Elena M. Kramer
Professor, Department of Organismic and Evolutionary Biology, Harvard University, Cambridge, MA 02138
Research in the Kramer lab can be broadly described as plant developmental evolution. We are primarily interested in questions such as: How do new organ identity programs evolve? What are the patterns of gene lineage evolution across the angiosperms? What effect has gene duplication had on the evolution of gene function? Along these lines, our work has focused on floral evolution and the diversification of the MADS box gene family of transcription factors. We have sought to incorporate a diverse array of approaches, including studies of gene lineage evolution, comparative analyses of morphology and gene expression, application of genetic tools to assess functional evolution, development of new model species, and molecular systematics. Foremost among our research projects is the development of the eudicot genus Aquilegia as a new model system for the study of plant ecology and evolution.
In terms of specific research projects, the Kramer lab is studying the role of gene duplications in the evolution of novel floral organs in Aquilegia. In addition, we are using laser microdissection and Illumina sequencing to further characterize unique developmental programs in petaloid sepals, nectar spurs and staminodia. We have adapted an RNAi-based gene silencing approach (VIGS) for Aquilegia and have trained and/or provided resources for this technique to a number of other laboratories, including those working on other emerging plant models. We are currently involved in annotating the Aquilegia genome, which has been sequenced by JGI-DOE. Other areas of interest in the lab include the evolution of miRNA families in land plants, the function of chromatin remodeling factors in Aquilegia and the genetic basis of flowering time control in Aquilegia.
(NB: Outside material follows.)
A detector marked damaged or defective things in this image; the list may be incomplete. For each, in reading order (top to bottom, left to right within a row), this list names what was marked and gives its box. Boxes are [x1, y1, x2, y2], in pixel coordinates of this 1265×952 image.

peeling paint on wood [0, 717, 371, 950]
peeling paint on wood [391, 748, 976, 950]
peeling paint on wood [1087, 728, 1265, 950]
- Puzey, J. R. and E. M. Kramer. (2009) Identification of conserved Aquilegia coerulea microRNAs and their targets. Gene, 448:46-56.
- Kramer, E. M. (2009). Aquilegia – A new model for plant development, ecology and evolution. Annual Reviews of Plant Biology, 60:261-277.
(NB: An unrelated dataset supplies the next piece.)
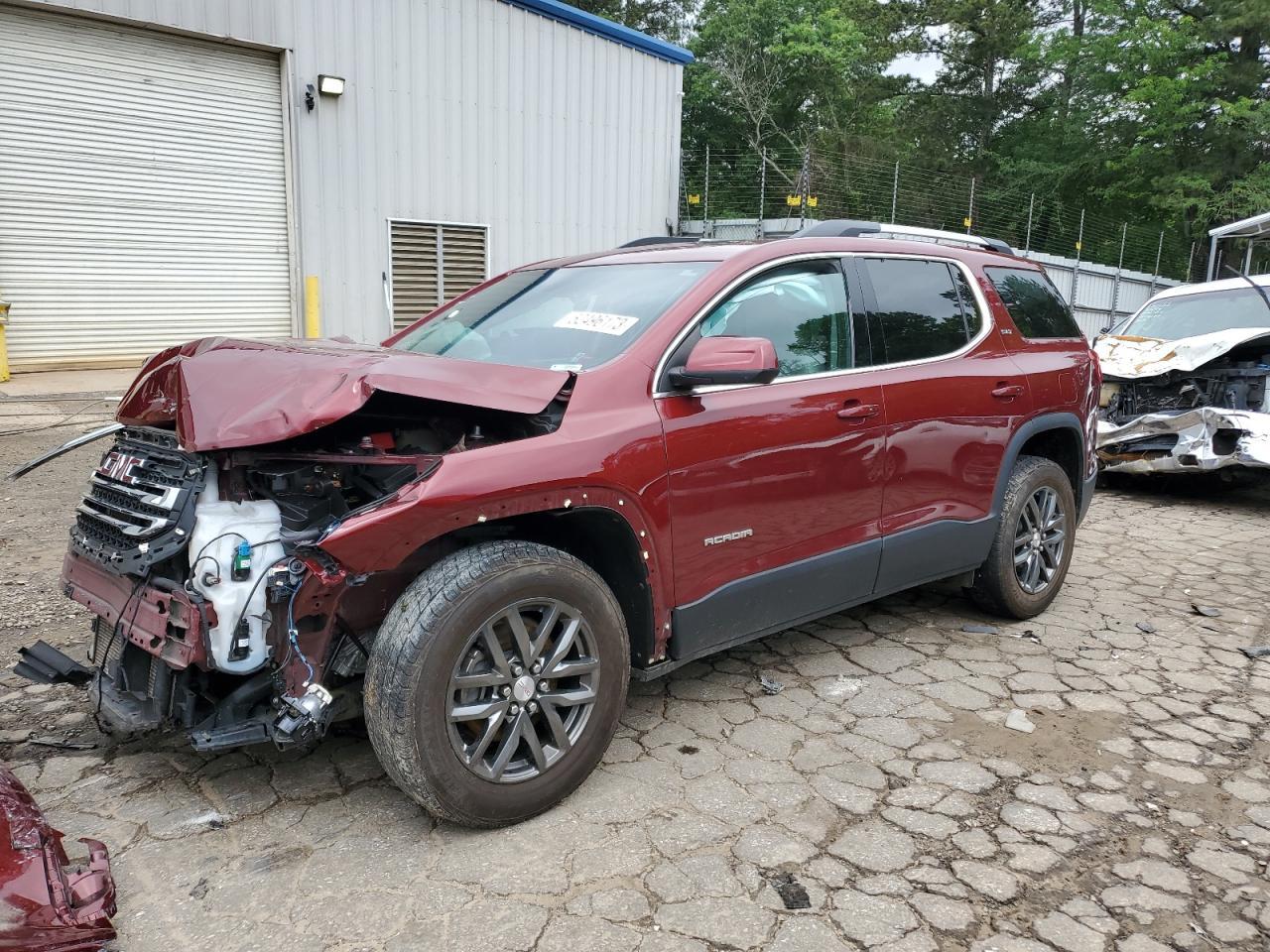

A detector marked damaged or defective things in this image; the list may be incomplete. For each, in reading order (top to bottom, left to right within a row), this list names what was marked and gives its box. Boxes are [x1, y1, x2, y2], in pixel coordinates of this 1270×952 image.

- Rasmussen, D. E., E. M. Kramer, and E. A. Zimmer. (2009) One size fits all? Molecular evidence for a commonly inherited petal identity program in the Ranunculales. American Journal of Botany, 96:96-109.
- Kramer, E. M., L. Holappa, B. Gould, M. A. Jaramillo, D. Setnikov, and P. Santiago. (2007) Elaboration of B gene function to include the identity of novel floral organs in the lower eudicot Aquilegia (Ranunculaceae). Plant Cell, 19:750-766.